Com propriedades curativas reconhecidas desde 182 A.C, as Aguas Solan de Cabras eram praticamente desconhecidas no nosso país até Brites Matos as ter introduzido no mercado de retalho há mais de 10 anos. Esta é apenas uma das 2500 referências que a sua empresa tem hoje no mercado. A primeira foi uma cerveja belga e daí o nome Bricer. Mas podemos falar-lhe das compotas Mrs. Bridges que são produzidas por um dos maiores exportadores da Escócia, ou da Doves Farm Foods, que foi criada por uma senhora celíaca e que hoje é famosa no Reino Unido porque, apesar de não ter glúten, os seus produtos conseguem igualar os resultados dos que incorporam trigo.
Licenciada em Engenharia Física pela FCT NOVA e com várias especializações, na área da Fisica Médica, e vários Executive MBA, Brites Matos fundou a Bricer há mais de uma década, depois de uma carreira na área da física médica que a levou a seguir uma veia comercial que já vinha de pequena, e mudaria a sua vida, transformando-a em empresária na área da distribuição alimentar.

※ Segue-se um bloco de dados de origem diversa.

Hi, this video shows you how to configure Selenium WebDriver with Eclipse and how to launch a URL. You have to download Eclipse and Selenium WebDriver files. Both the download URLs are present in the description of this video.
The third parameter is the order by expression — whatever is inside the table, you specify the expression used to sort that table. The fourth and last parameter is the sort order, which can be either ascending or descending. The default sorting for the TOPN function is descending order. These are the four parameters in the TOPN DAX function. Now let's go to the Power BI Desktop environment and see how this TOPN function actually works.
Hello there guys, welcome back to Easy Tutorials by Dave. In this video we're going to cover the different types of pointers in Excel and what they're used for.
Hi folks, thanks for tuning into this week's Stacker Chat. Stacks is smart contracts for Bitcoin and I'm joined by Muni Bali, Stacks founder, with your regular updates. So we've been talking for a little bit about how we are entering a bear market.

Após vários anos dedicada ao ensino e à área comercial, na área da Física Médica, e após um momento de transformação da empresa onde trabalhava, Brites Matos aproveitou também para se transformar e empreender. Criou a Bricer, sempre com a energia e positividade que lhe são caraterísticas. Aos desafios que foi encontrando chama-lhes “pedregulhos”, vê nas crises económicas uma oportunidade de reinvenção e diz que não pode haver pior do que uma pandemia. A sua empresa, Bricer, é hoje uma referência na oferta de produtos alimentares diferenciados e inovadores.
Trabalha em distribuição alimentar, mas nem sempre foi assim. Como evoluiu o seu percurso?

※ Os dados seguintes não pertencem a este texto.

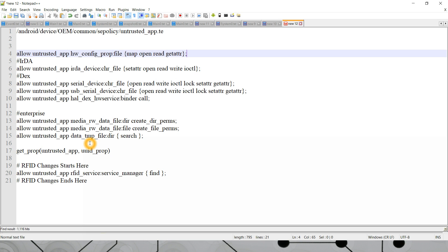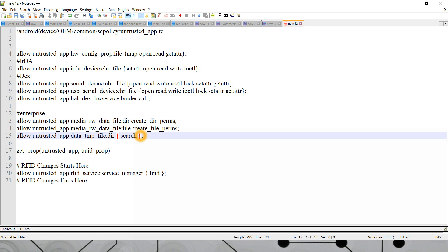There is a data/tmp directory in your device's file system, and that directory should be accessible by any third-party untrusted application. It is given the permission of search, meaning the app should be able to locate or find any particular file inside this data/tmp directory. For your understanding, what I am doing is simply removing this search permission and saving these changes.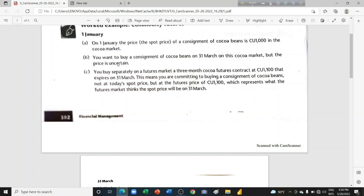Just after 3 months, on 31st March, at the end of March, you would like to buy some cocoa beans. But today on 1st January we have a price of $1,000, and as the market is uncertain, you are not sure what the price will be after 3 months. If the price is too high, you would not be able to buy if you don't have that amount of money. So you need to plan for that.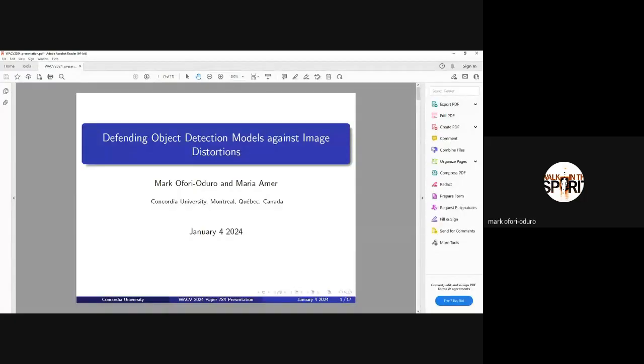Hello, everyone. My name is Mark. Today, I'll be presenting on our paper, Object Detection Models, Defending Object Detection Models Against Image Distortions.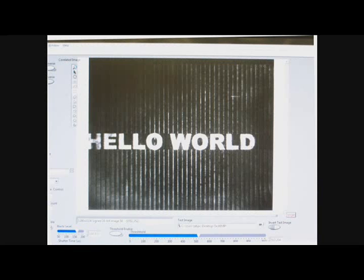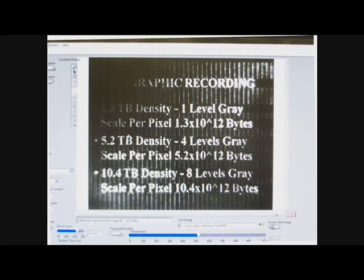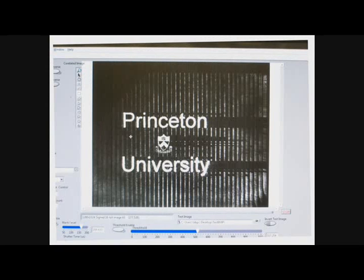The second image just says 'hello world.' If you use a binary digital image, all you will see are gray and black pixels, making it harder to see any changes. The third image is just some text. I would also like to mention that our system uses a satellite to communicate with computers, just like a disk drive. The fourth and final image is a Princeton University logo.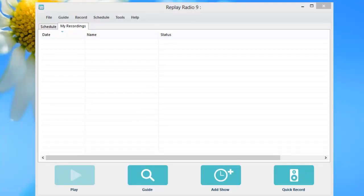While Replay Radio 9 comes with a guide that lists thousands of shows and stations, you may find you want to automatically record a show or station that isn't in the guide. I'm going to show you how to do this, but I'm going to warn you, this is for the slightly advanced user.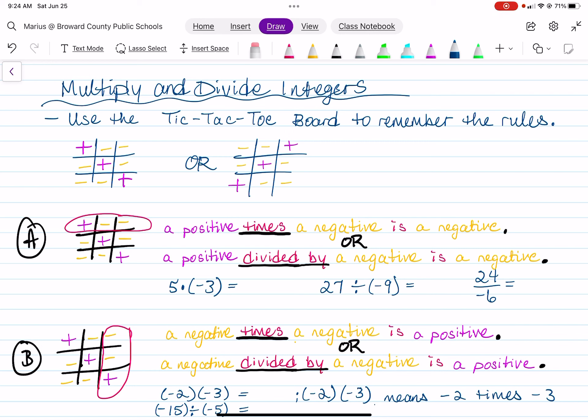Today we're going to discuss multiplying and dividing integers. And to help us remember the rules, I'm going to be using a tic-tac-toe board. The way to set the tic-tac-toe board up is to always remember to put your positive signs — your plus signs — down a diagonal.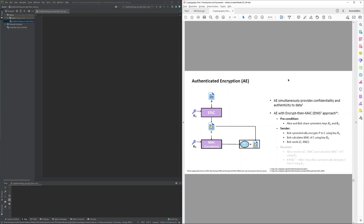Encrypt-then-MAC is a layered approach to provide both confidentiality as well as authenticity to the data exchanged between a sender and a receiver. The inner layer encrypts the data into a ciphertext, and the outer layer provides authenticity to the ciphertext by making use of a message authentication code system such as an HMAC.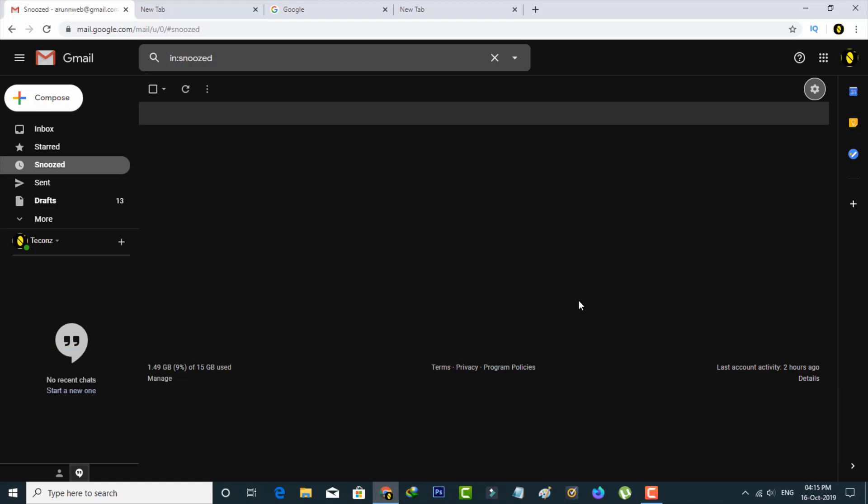So this is the way you can easily activate your Gmail dark mode by watching my tutorial. For more tech videos, you can subscribe to my beautiful tech channel TechHands, and thanks for watching.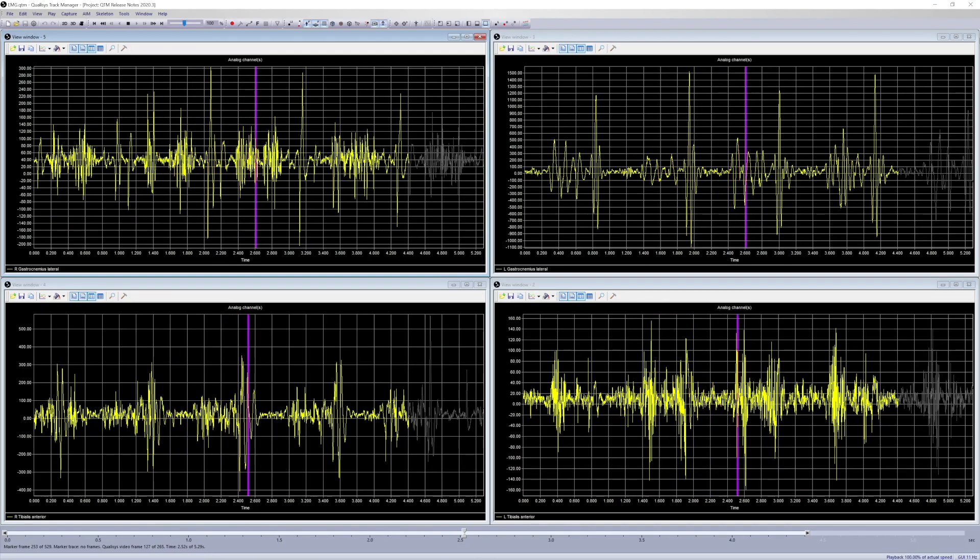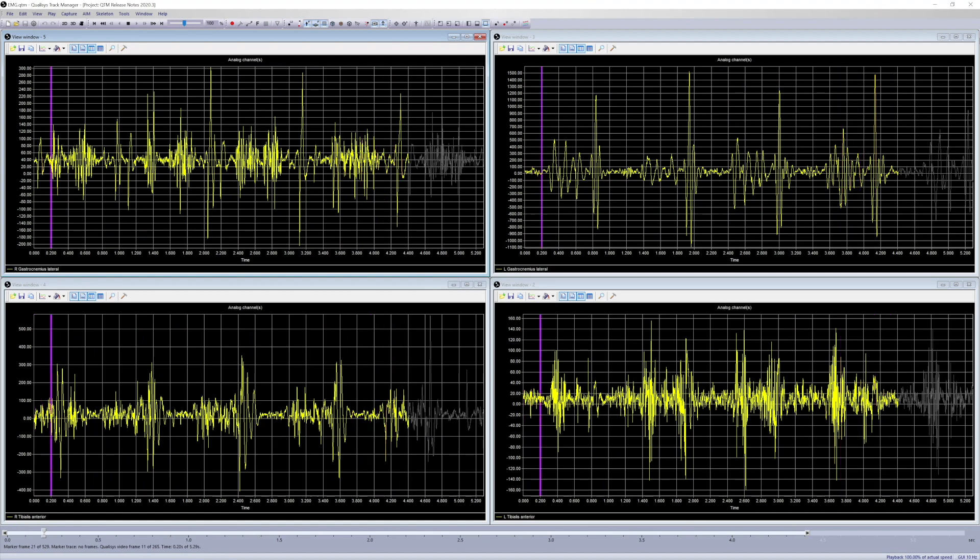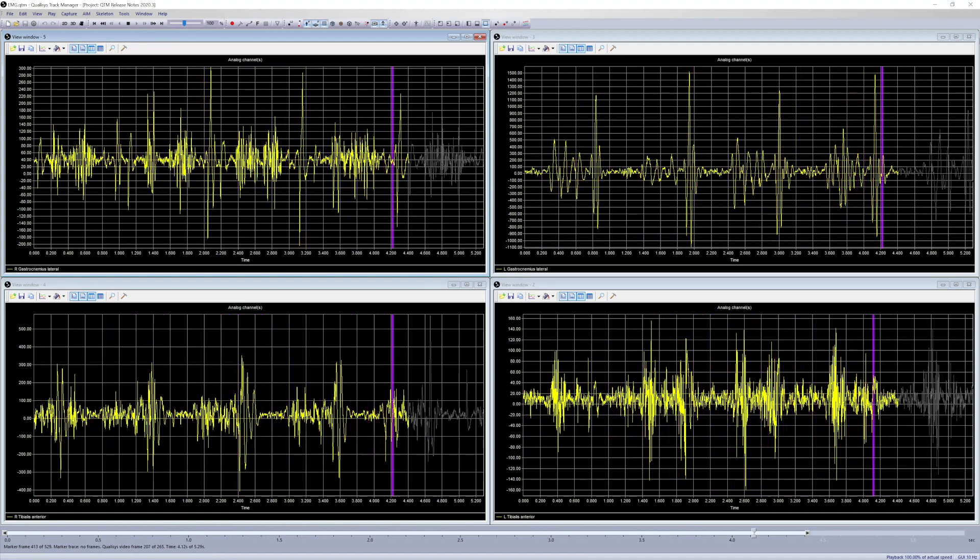QTM's Delsys integration has been expanded to support the Avanti Sprint, Mini, Snap, and EKG sensors.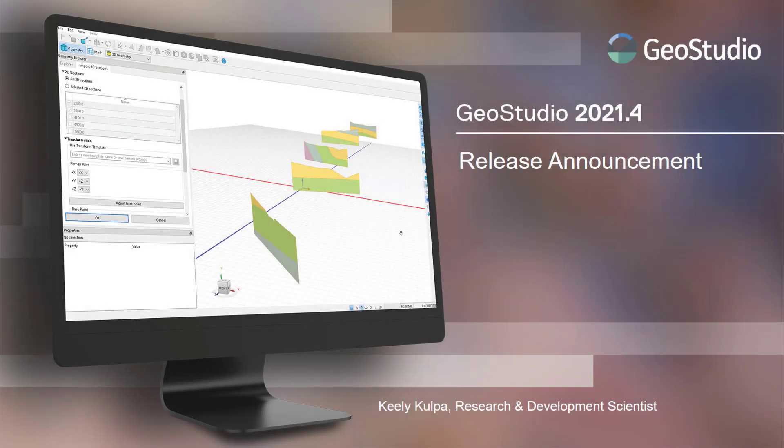Hello everyone, we are happy to announce that GeoStudio 2021.4 is now available. This video summarizes the key features and improved functionality that is part of this GeoStudio release.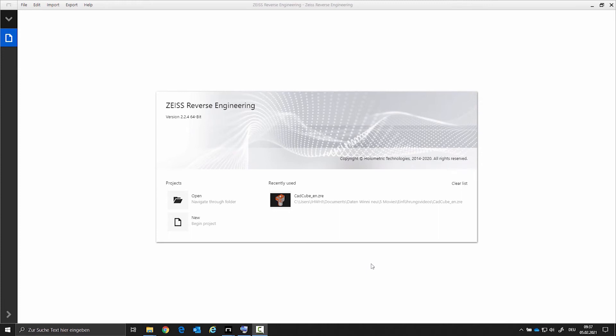Hello and welcome to the second video of the Zeiss Reverse Engineering software. In this video you will learn how to import and export your data. I will also explain how you can select individual areas of your scan and why. In the next video you will be shown an example of reverse engineering.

Sou licenciada em Engenharia Física pela FCT Nova, e sempre tive muita curiosidade em estudar e aprender, e aprofundar os meus conhecimentos, fiz vários mestrados e sempre fiz várias atividades em paralelo. Comecei a minha atividade mais profissional, no Instituto Português de Oncologia (IPO), como estagiária, em primeiro lugar, na área da Física Médica, que era a minha paixão. Na altura era das poucas pessoas em Portugal com formação nessa área e foi precisamente essa especificidade que me levou, ainda muito nova, a ser responsável por várias disciplinas na área da Física Medica, no ensino superior privado. E foi um desafio muito interessante porque tinha alunos mais velhos do que eu.
Conciliava várias atividades em simultâneo?
Sim. A determinada altura estava no IPO, trabalhava numa empresa em part-time, fazia a minha tese e dava aulas à noite. Das seis da manhã até à meia-noite estava sempre ocupada. Foi uma fase muito intensa, que durou alguns anos. Depois do mestrado, e tendo como base de formação a Engenharia, surgiu a oportunidade de fazer um doutoramento na área. Mas um grau académico tão elevado obrigava-me, naturalmente, a focar-me em demasia na parte académica e teórica. Sabia e sentia que o meu caminho não passava por estar numa sala a rever artigos.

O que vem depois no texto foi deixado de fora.